Fresno Calif. (KGPE) — The motto “protect and serve” is a true motivation for many who become peace officers. That includes the first woman to wear a badge in Fresno’s Police Department: Sergeant Victorya Blaswich.
“Do you take women?,” Blaswich recalled asking the sitting chief of police during a community meeting she attended in southwest Fresno.
It was a simple question that would forever change policing in the Central Valley.
Victorya Blaswich was known back then as Victorya Young. Blaswich who was born in Madera would later move to Fresno.
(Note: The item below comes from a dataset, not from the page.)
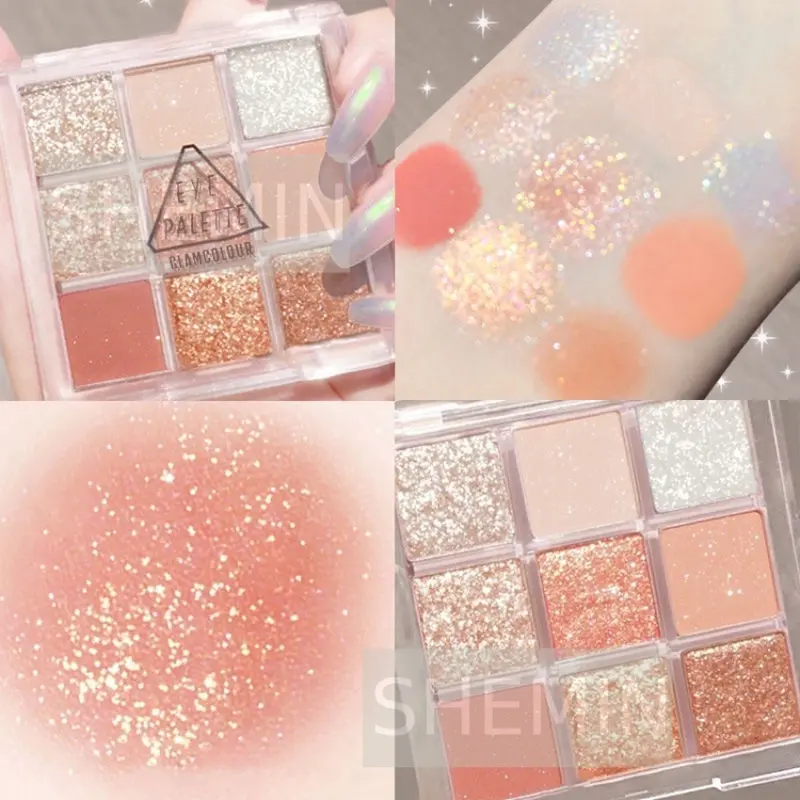 Bộ Trang ĐiểĐầy Đủ Make/ Trang điểđi tiệc/trang điểcá nhân SHEMIN 3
She was a concerned neighbor attending the community meeting at 2nd Baptist Church held by the Fresno Police department about a serial rapist in the area.
“Well, yes, we do” came the answer from then-Chief Hank Morton.
That night Blaswich, a longtime judo student said she would like to become a reserve officer for the Fresno Police Department. She wasn’t alone.
“A half dozen residents volunteered to be reserve officers,” Blaswich said during a recent sit down at her Fresno area home.
Blaswich would be the first and only woman. It is a reality that would come with its own challenges. She recalls having to fight crime in the early days carrying her service weapon in a purse. After a few difficult interactions with the public, she took it up with Chief Morton.
“I want to wear the same uniform that the men do,” Blaswich said.
“Do you mean to tell me you want to put a gun on your hip?,” Morton asked.
“Yes sir,” Blaswich responded.
Blaswich was fortunate. She had an uncle who was a tailor who eventually designed what would become the first uniform made for a female officer. After grabbing a gun from the armory, she went to the chief for the sign-off.
“He stood there with his mouth open” Blaswich said.
For several decades, Blaswich would continue working to keep local residents safe. She eventually became a sergeant with the Fresno Police Department – all the time never forgetting to tap into her humanity.
“Being a police officer isn’t all yelling and screaming and putting them down. I didn’t do that,” Blaswich said.
Years of dedicated service would ultimately lead to working as an investigator with the State of California. Despite being retired, Blaswich continues to keep herself busy – including an upcoming elevation into the sixth degree in judo.